Sydney-Avusturalya’lı şarkıcı/söz yazarı Marcus Gordon‘un akustik gitar ve folk şarkılardan oluşan solo projesi olarak başlayıp erkek kardeşi Liam Gordon‘un gitarını eline alması ardından baterist Nath Mansfield ve bass gitara Nic Malouf‘un da ekibe dahil olması ile kurulan Spookyland, yayınladıkları ilk EP’leri Rock And Roll Weakling ile Keşif Sahnesi’nin bu haftaki konuğu olmaya hak kazandı.

Şarkılarda bolca rastladığımız, Marcus’un küstah ve melankonik yorumuyla birleştiğinde ortaya pek şahane bir sonuç çıkartan reverb gitarların fazla kullanımının yeni yetme müzisyenlerin kaçış noktası olarak görülmesi ve kaliteyi düşürdüğü bariz olmasına rağmen, kendilerine has teknikleri ile folk müziğin americana, shoegaze ve  dark blues tonlarında gezdiği Spookyland,  dinleyiciye farklı bir ortam hazırlamış.

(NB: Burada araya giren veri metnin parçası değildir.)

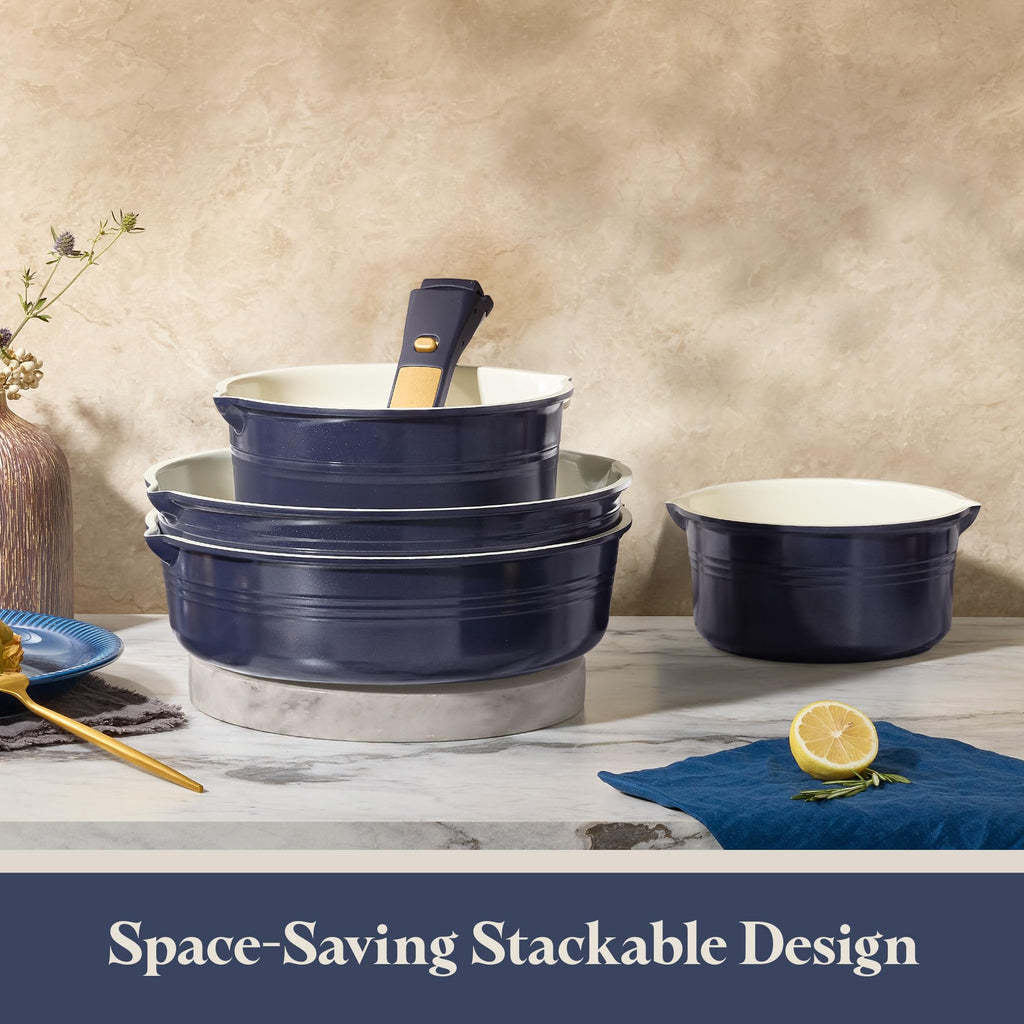 CAROTE 20Pcs Titanium Cookware Set, Pots and Pans Set Non Stick, Kitchen Cooking Set with Detachable Handle, Non Toxic Induction Cookware, Dishwasher/Oven Safe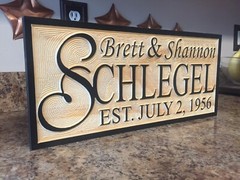 WOODEN SIGN PERSONALIZED WEDDING GIFT ESTABLISHED DATE FAMILY LAST NAME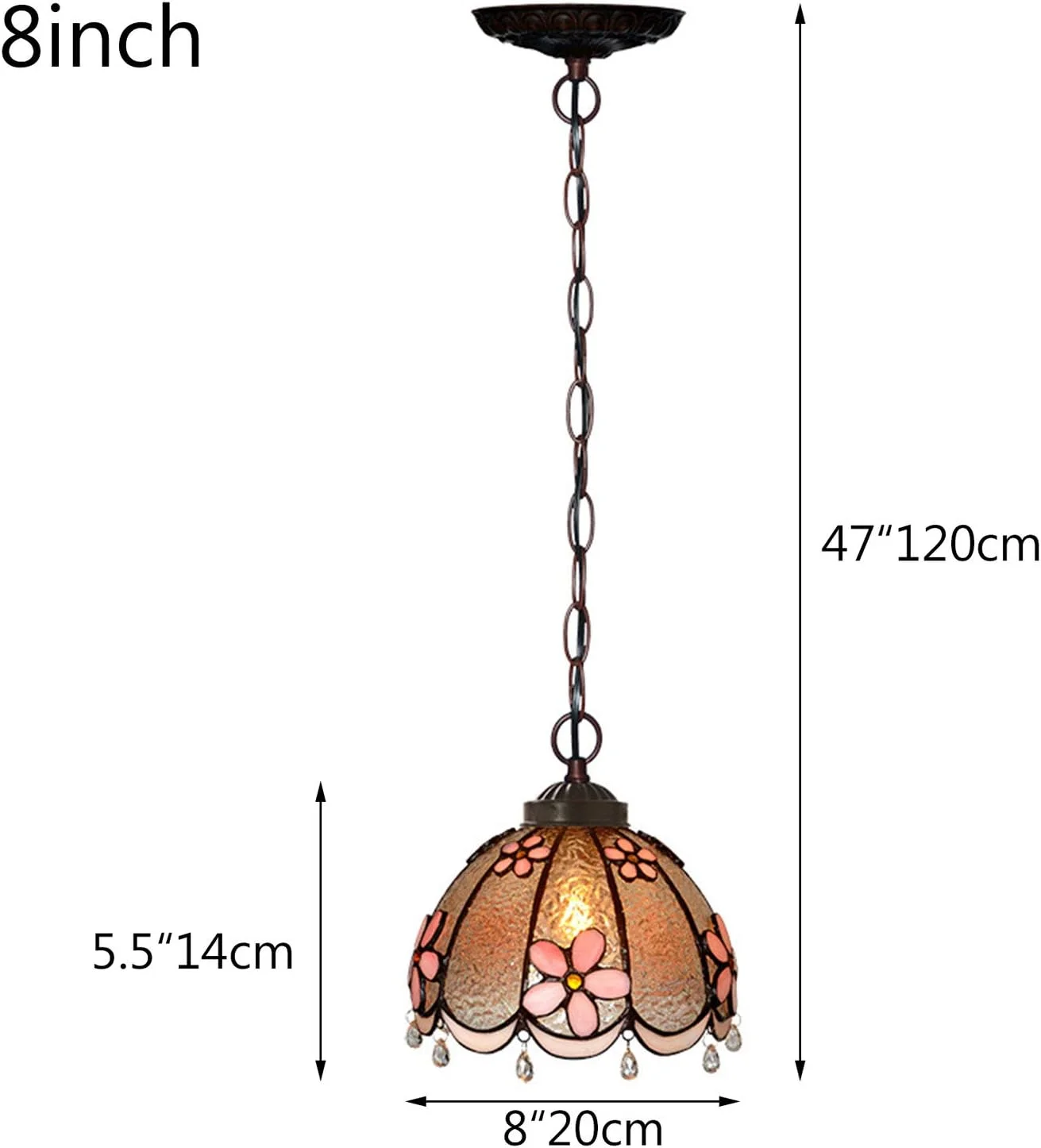 چراغ آویز به سبک تیفانی 8 اینچی، چراغ آویز گل سه بعدی شیشه ای رنگی، روشنایی سقفی با طراحی وینتج برای اتاق نشیمن، اتاق غذاخوری، راهرو، بالکن، سرپیچ E27 چراغ آویز به سبک تیفانی 8 اینچی، چراغ آویز گل سه بعدی شیشه ای رنگی، روشنایی سقفی با طراحی وینتج برای اتاق نشیمن، اتاق غذاخوری، راهرو، بالکن، سرپیچ E27
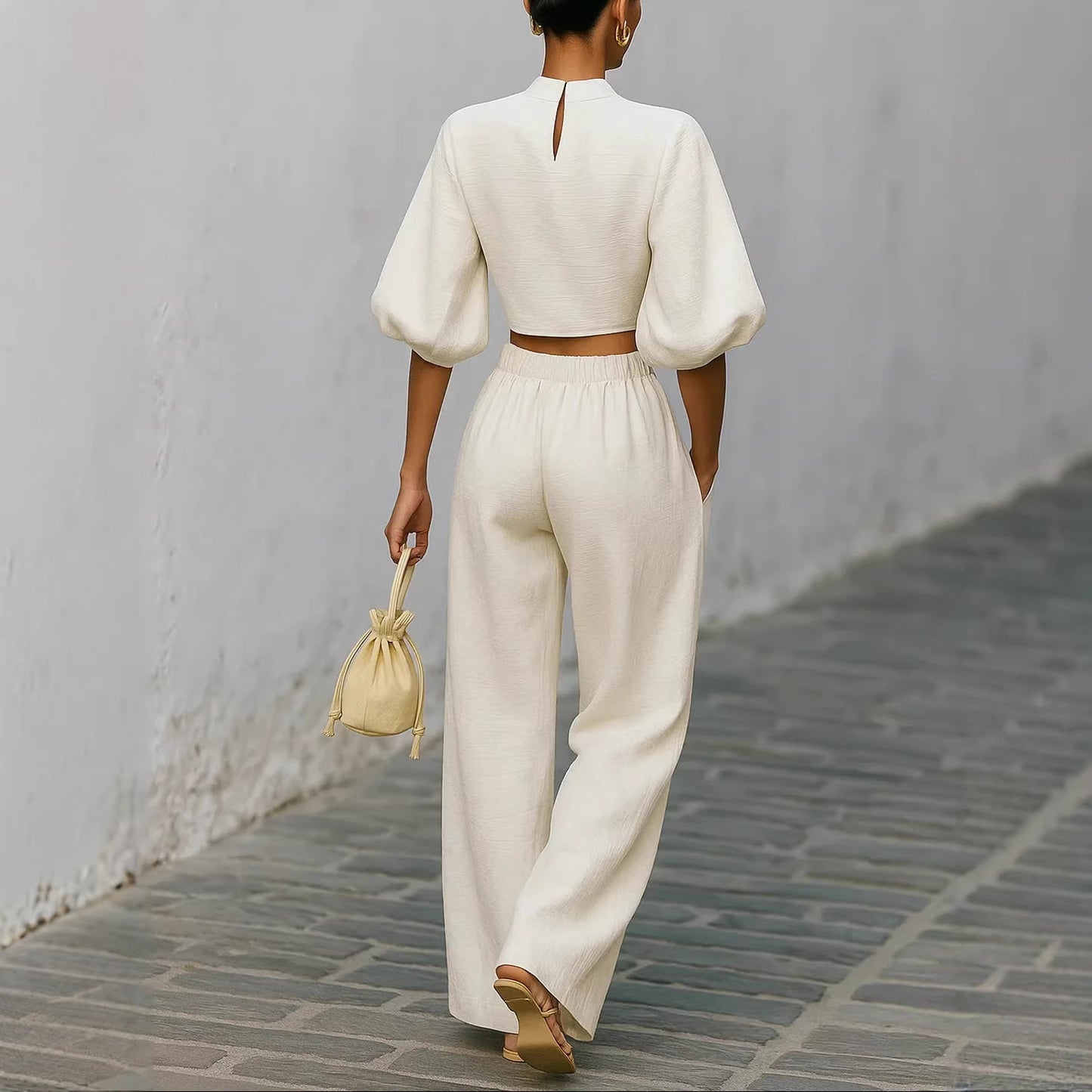 Short Top And High-Waisted Casual Pants Two-Piece Set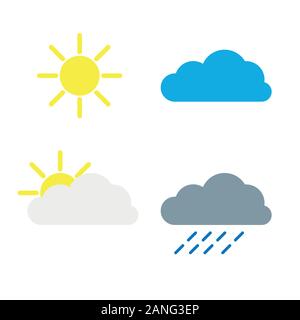 Moderne wetter Symbole gesetzt. Flache vektor Symbole auf dunklem Hintergrund. Stock Vektor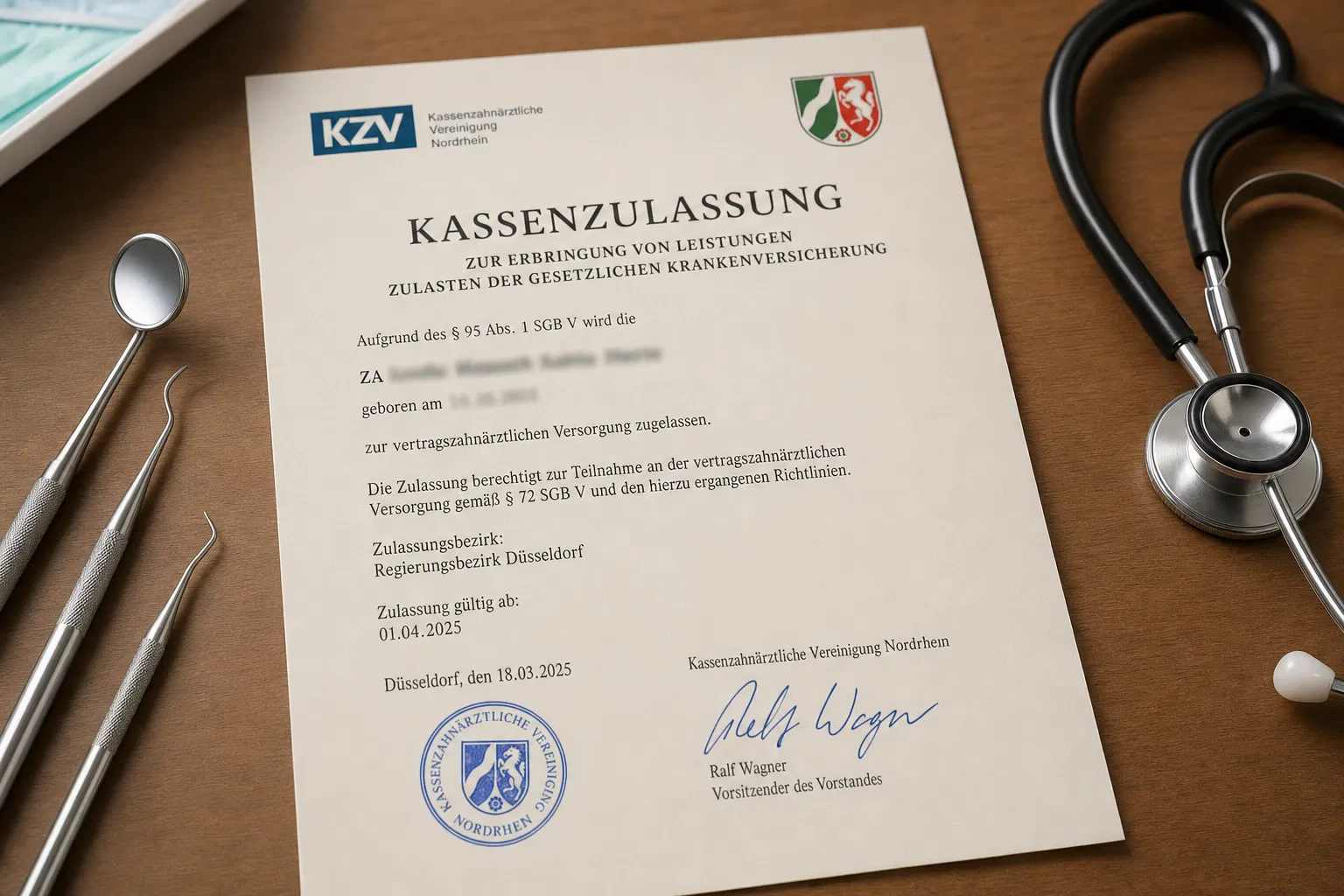 KZV-Kassenzulassungsurkunde auf Holztisch mit Zahnarzt-Instrumenten – Kassenzulassung Zahnarzt 2026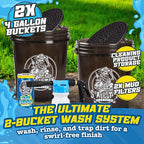 Salty Captain Mega 20-Piece DIY Car Cleaning Kit – All-in-One Car Detailing Kit with 2x Buckets, Towels, Brushes & 6x Cleaning Fluids – Foam Blaster compatible with Garden Hose – Premium Quality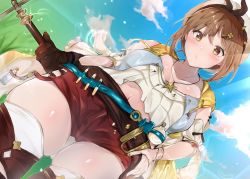 Rule 34 | 1girl, atelier (series), atelier ryza, atelier ryza 1, belt, beret, blue belt, blue sky, blush, bracelet, bridal legwear, brown belt, brown eyes, brown gloves, brown hair, cloud, cloudy sky, commentary, day, dutch angle, feathers, flask, gloves, hair ornament, hairclip, hand on own hip, hat, highres, holding, holding staff, jacket, jewelry, leather, leather belt, leather gloves, light particles, looking at viewer, micro shorts, midriff, navel, necklace, parted lips, pouch, red shorts, reisalin stout, shirt, short hair, short sleeves, shorts, single glove, sky, sleeveless, sleeveless jacket, solo, sparkle, staff, standing, star (symbol), star necklace, thigh pouch, thighs, vial, white hat, white shirt, yamakonbu, yellow jacket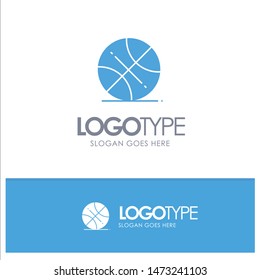 Basketball, Ball, Sports, Usa Blue Solid Logo with place for tagline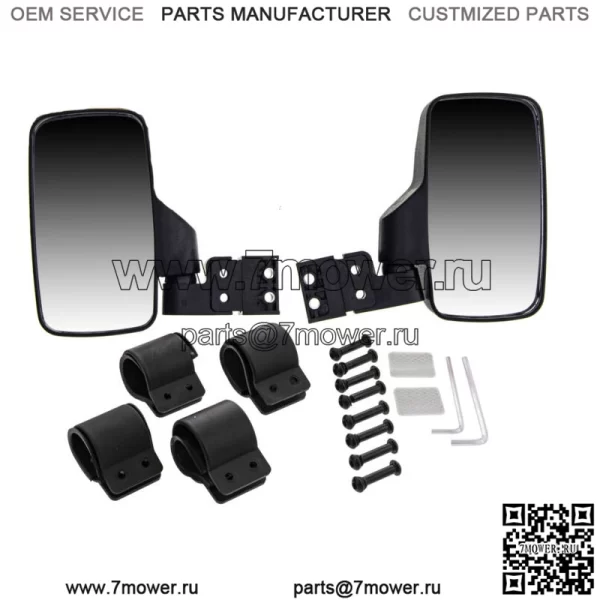 Комплект боковых зеркал для Polaris Ranger RZR XP 570 700 800 900 1000 черный (для: John Deere Gator HPX HPX815E)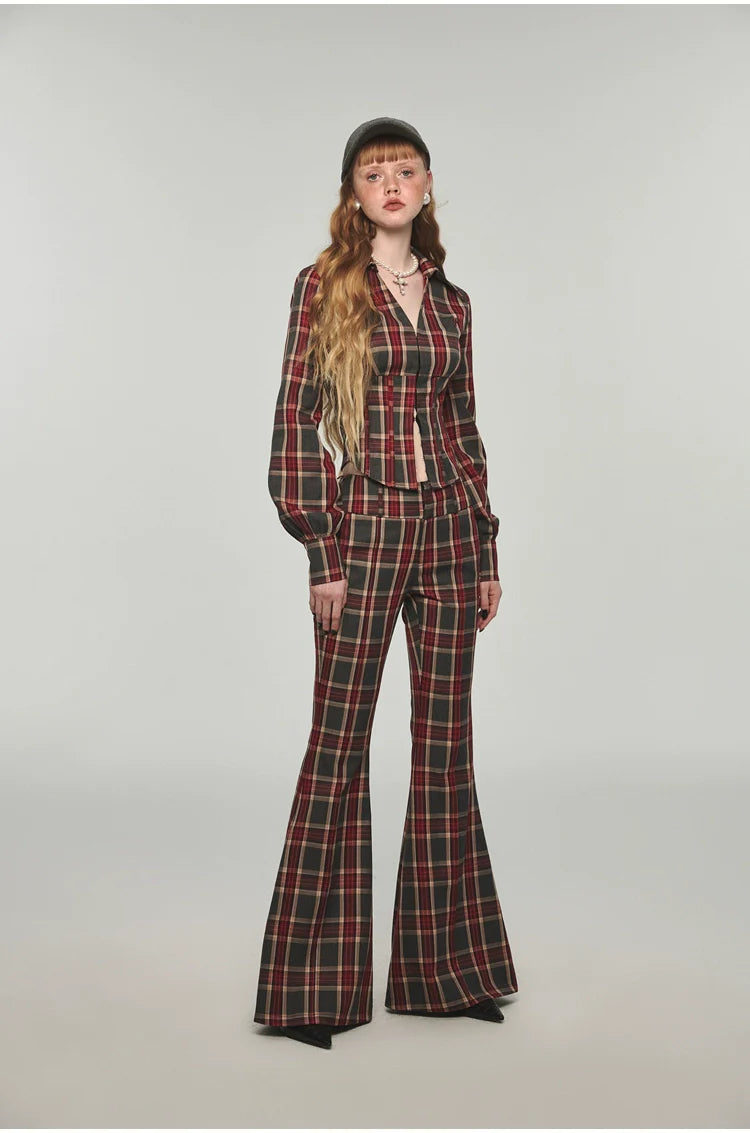 Plaid V-neck Fishbone Shirt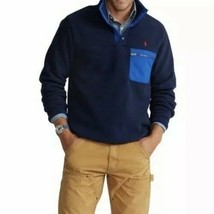 NWT Polo Ralph Lauren Men’s large Pullover 1/4 Button up Fleece top 7108... - $66.49
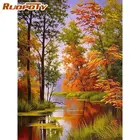 Набор для рисования по номерам на холсте Осеннее дерево и река, 50x65 см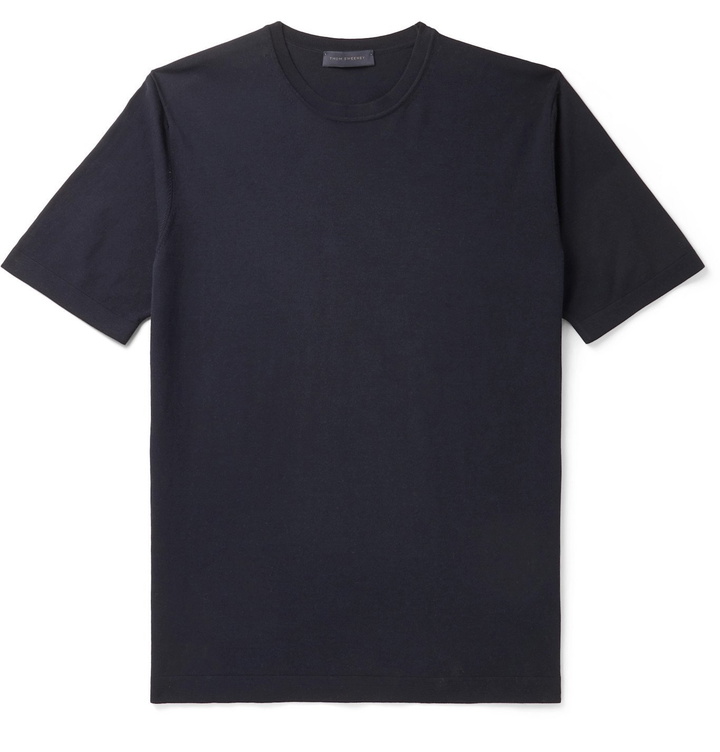 Photo: Thom Sweeney - Garment-Dyed Cotton-Jersey T-Shirt - Blue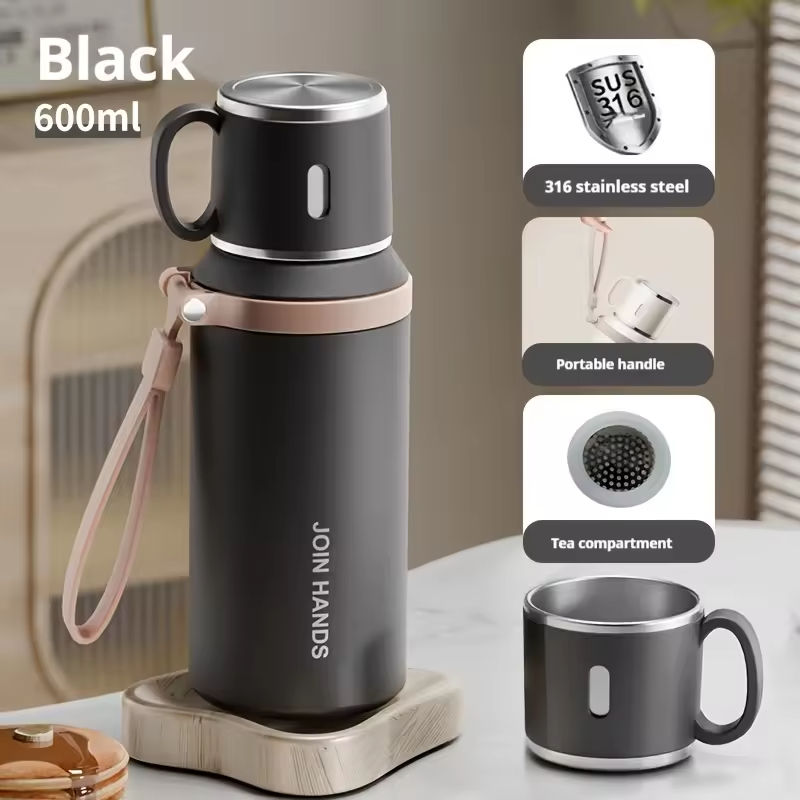 600ml black 316 stainless steel insulated bottle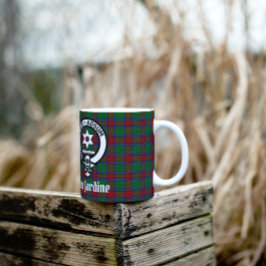 Klan Jardine Vapensköld Badge och Tartan Kaffemugg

Daha en başta çocukluklarından bu yana dinledikleri Bob Dylan‘dan ne kadar etkilendiklerini açıkça göstermesinin ardından giderek daha eğlenceli bir hal alan ve aynı zamanda ikinci video kliplerini çektikleri “Rock And Roll Weakling” ile başlayan dört şarkılık EP’e sahipler. Marcus’un lisede dahil olduğu bir gruptan sözlerinin anlamsızca olduğunu belirttiği, ilkel bir enerji ve yalnızca riff’lerden ortaya çıkan “Blood In The Rain“, ikici dalga garage rock’ın en iyi isimlerinden Black Rebel Motorcycle havasıyla sizi yakalıyor. Sonrasında ilk single ve video klip çalışmaları “The Silly Fucking Thing“, prodüktörleri yardımıyla tabiri caizse daha “dreamy” hale getirilip günümüze uyarlanan altyapısıyla albümde yerini almış. Kendi kendine büyüyen ve diğer hepsinden çok farklı olmasıyla dikkat çeken, belki de EP’nin en iyi şarkısı “Adventure  Song“, bana hem tüm Rock And Roll Weakling‘i sevdirirken hem de albüme muhteşem bir kapanış yapıyor.

Marcus Gordon’un belki de ortak bir kararla video ve röportajlarda kendini çok fazla ön plana çıkardığını düşünmem dışında, Spookyland gelecek projeler adına heycan duyduğum bir grup olarak yerini almış bulunuyor.